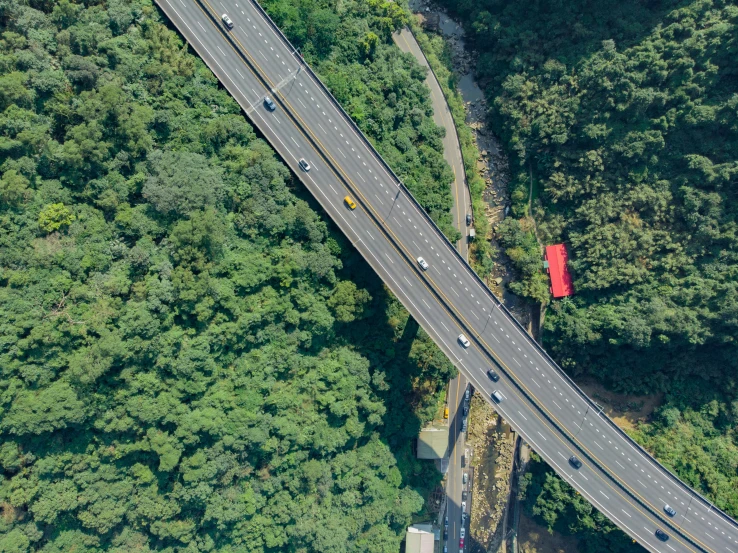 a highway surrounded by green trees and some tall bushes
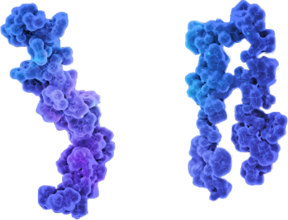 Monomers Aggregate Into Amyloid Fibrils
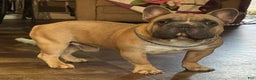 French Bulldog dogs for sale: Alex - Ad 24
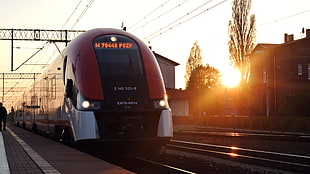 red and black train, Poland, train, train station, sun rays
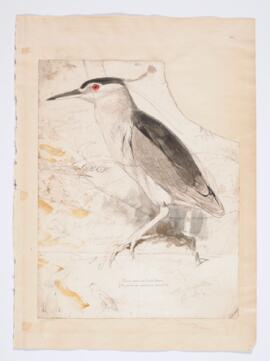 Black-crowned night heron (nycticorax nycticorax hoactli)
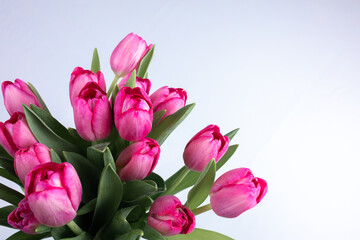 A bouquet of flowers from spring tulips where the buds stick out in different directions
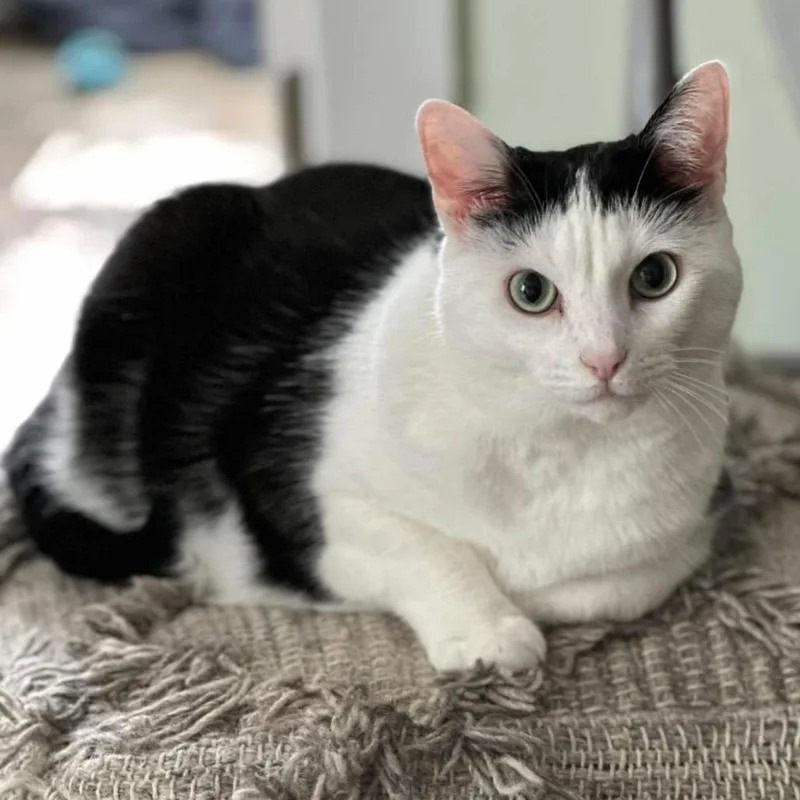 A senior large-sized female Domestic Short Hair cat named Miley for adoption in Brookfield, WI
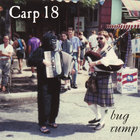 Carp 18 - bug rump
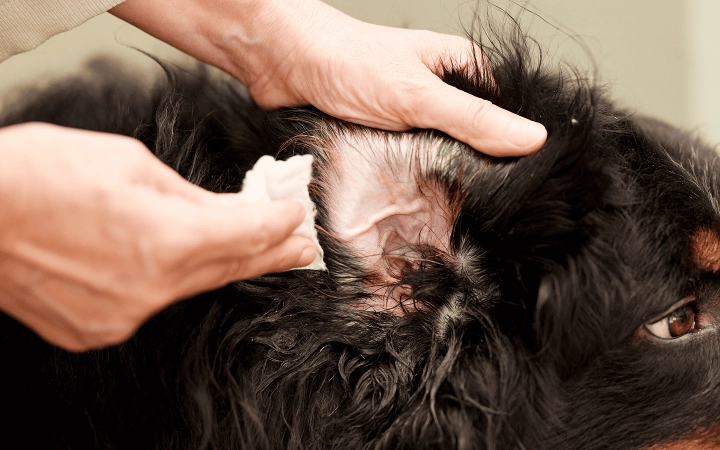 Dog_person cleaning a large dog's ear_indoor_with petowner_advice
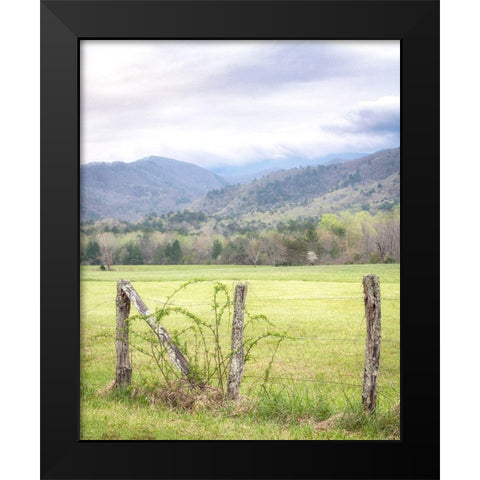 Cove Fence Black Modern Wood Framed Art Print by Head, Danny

........

> WHAT TO DO
Nothing but the listing, copied exactly and stripped of its images, should appear in the response.

> TASK RESULT
 a highway surrounded by green trees and some tall bushes
 Monomers Aggregate Into Amyloid Fibrils
 French Bulldog dogs for sale: Alex - Ad 24
 red and black train, Poland, train, train station, sun rays
 Black-crowned night heron (nycticorax nycticorax hoactli)
 A bouquet of flowers from spring tulips where the buds stick out in different directions
 A senior large-sized female Domestic Short Hair cat named Miley for adoption in Brookfield, WI
 Carp 18 - bug rump
 Dog_person cleaning a large dog's ear_indoor_with petowner_advice
 Cove Fence Black Modern Wood Framed Art Print by Head, Danny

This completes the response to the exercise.